From the listing below, please restate exactly the lines beginning at the one with "Lawrence Fishburne wearing" and ending at the one with "Leggings gris avec", both included, and skip the pictures.

* _SUPPLIED DATA_
★ ★ ★ ★ ★
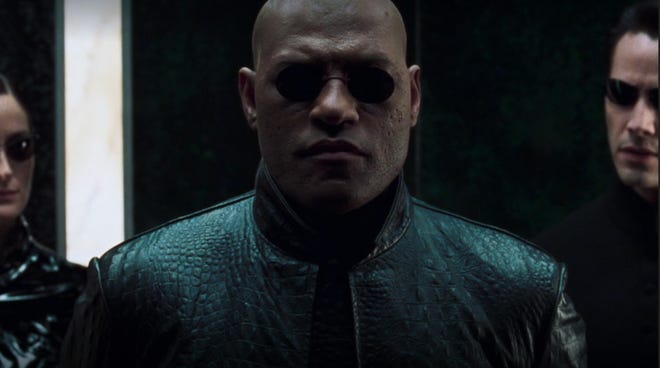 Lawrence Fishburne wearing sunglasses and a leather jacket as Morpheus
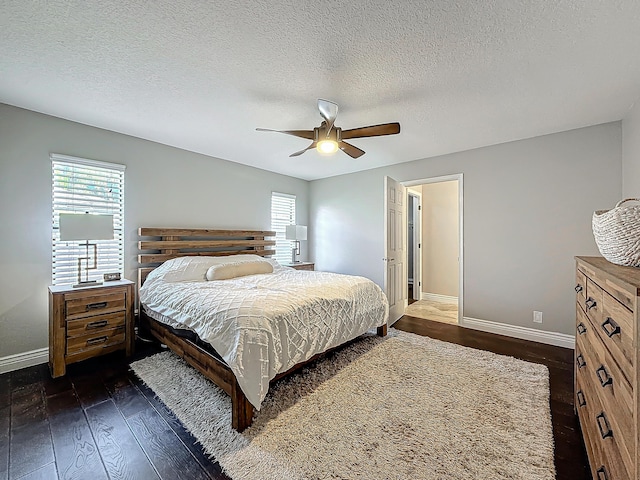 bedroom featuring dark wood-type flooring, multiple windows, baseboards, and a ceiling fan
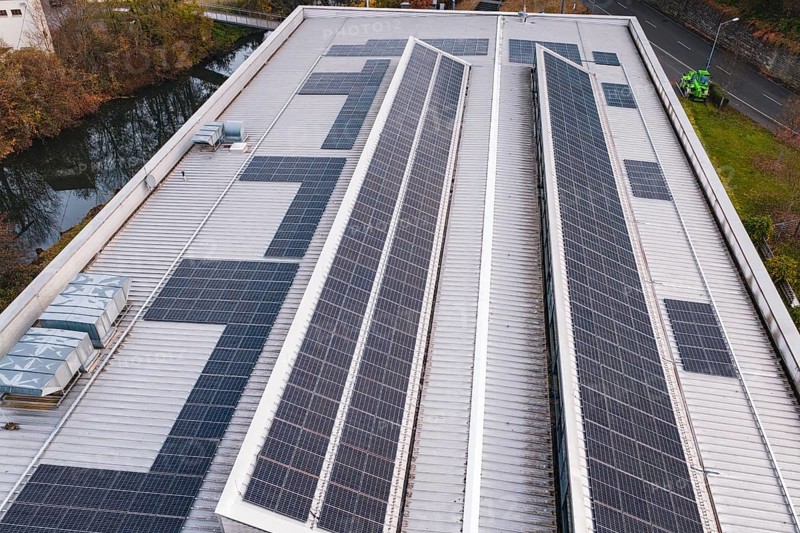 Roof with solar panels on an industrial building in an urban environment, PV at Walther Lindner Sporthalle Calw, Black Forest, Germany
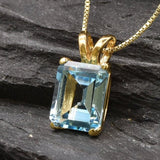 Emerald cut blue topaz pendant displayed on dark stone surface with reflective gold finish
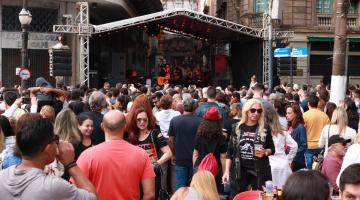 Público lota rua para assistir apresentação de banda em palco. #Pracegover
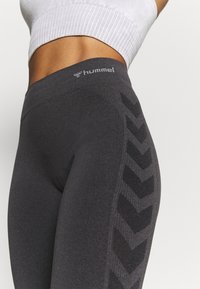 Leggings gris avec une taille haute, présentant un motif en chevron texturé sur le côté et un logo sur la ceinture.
★ ★ ★ ★ ★
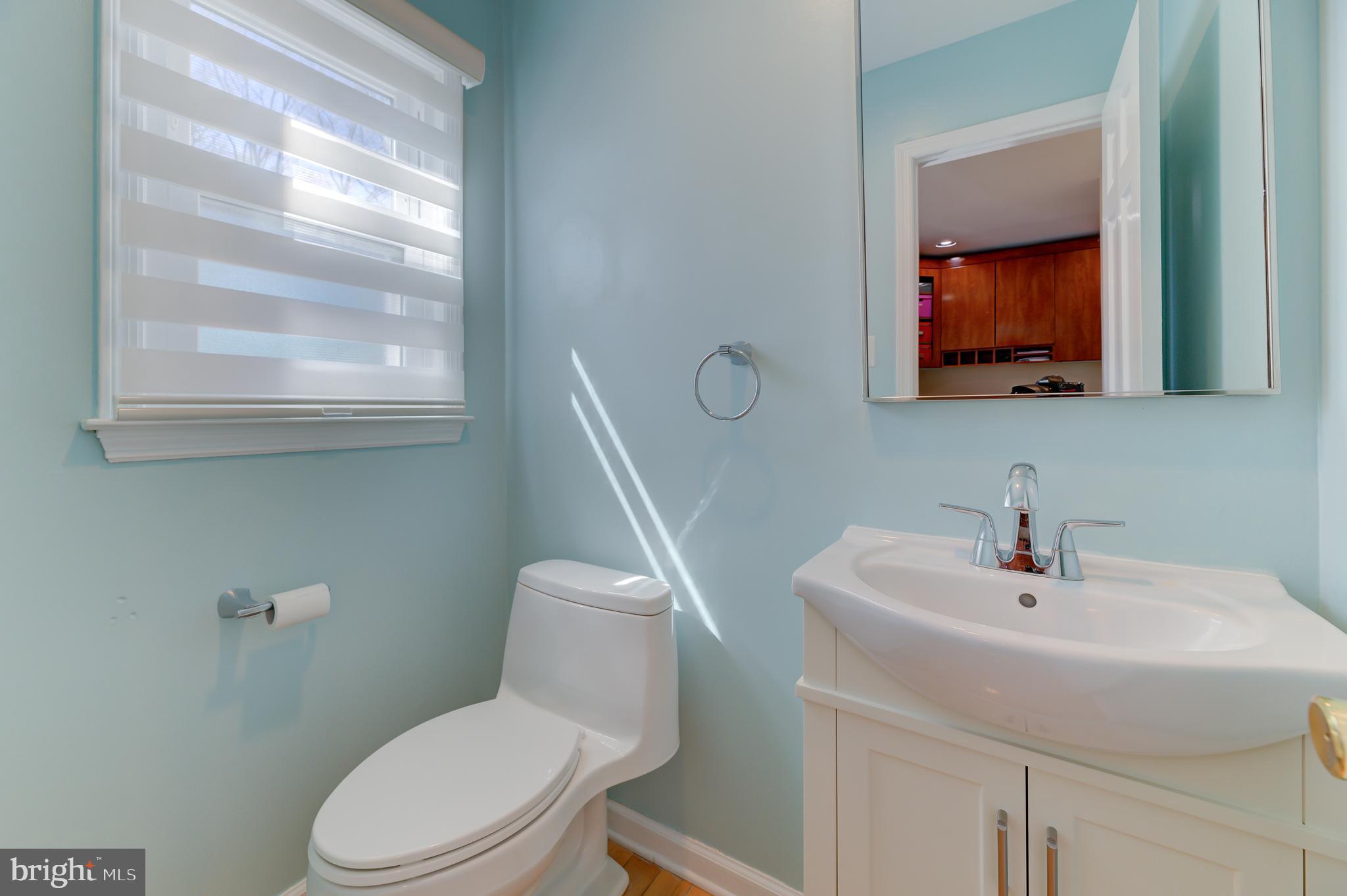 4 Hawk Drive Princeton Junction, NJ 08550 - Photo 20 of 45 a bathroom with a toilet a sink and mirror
★ ★ ★ ★ ★
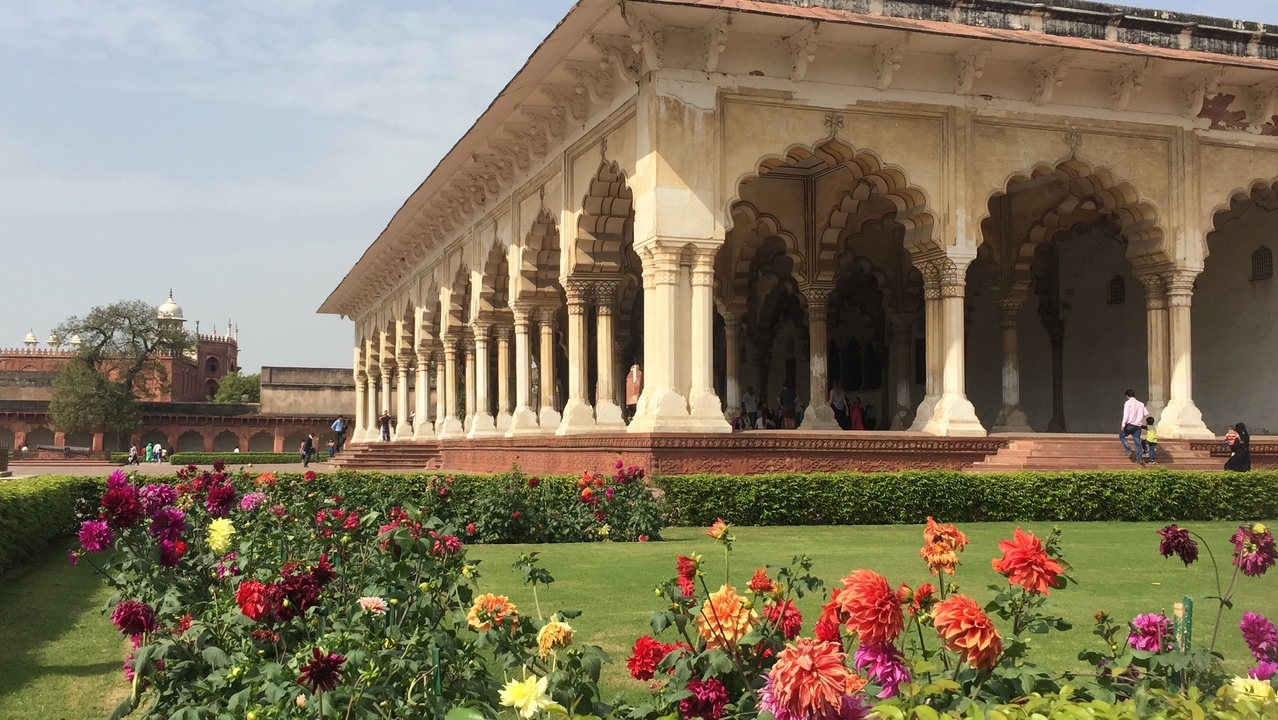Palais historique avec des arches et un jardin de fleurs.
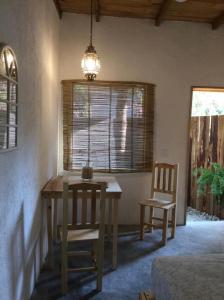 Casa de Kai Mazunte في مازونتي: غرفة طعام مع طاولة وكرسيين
★ ★ ★ ★ ★
* _SOLUTION TO THIS TASK_
 Lawrence Fishburne wearing sunglasses and a leather jacket as Morpheus
 bedroom featuring dark wood-type flooring, multiple windows, baseboards, and a ceiling fan
 Roof with solar panels on an industrial building in an urban environment, PV at Walther Lindner Sporthalle Calw, Black Forest, Germany
 Emerald cut blue topaz pendant displayed on dark stone surface with reflective gold finish
 Público lota rua para assistir apresentação de banda em palco. #Pracegover
 Leggings gris avec une taille haute, présentant un motif en chevron texturé sur le côté et un logo sur la ceinture.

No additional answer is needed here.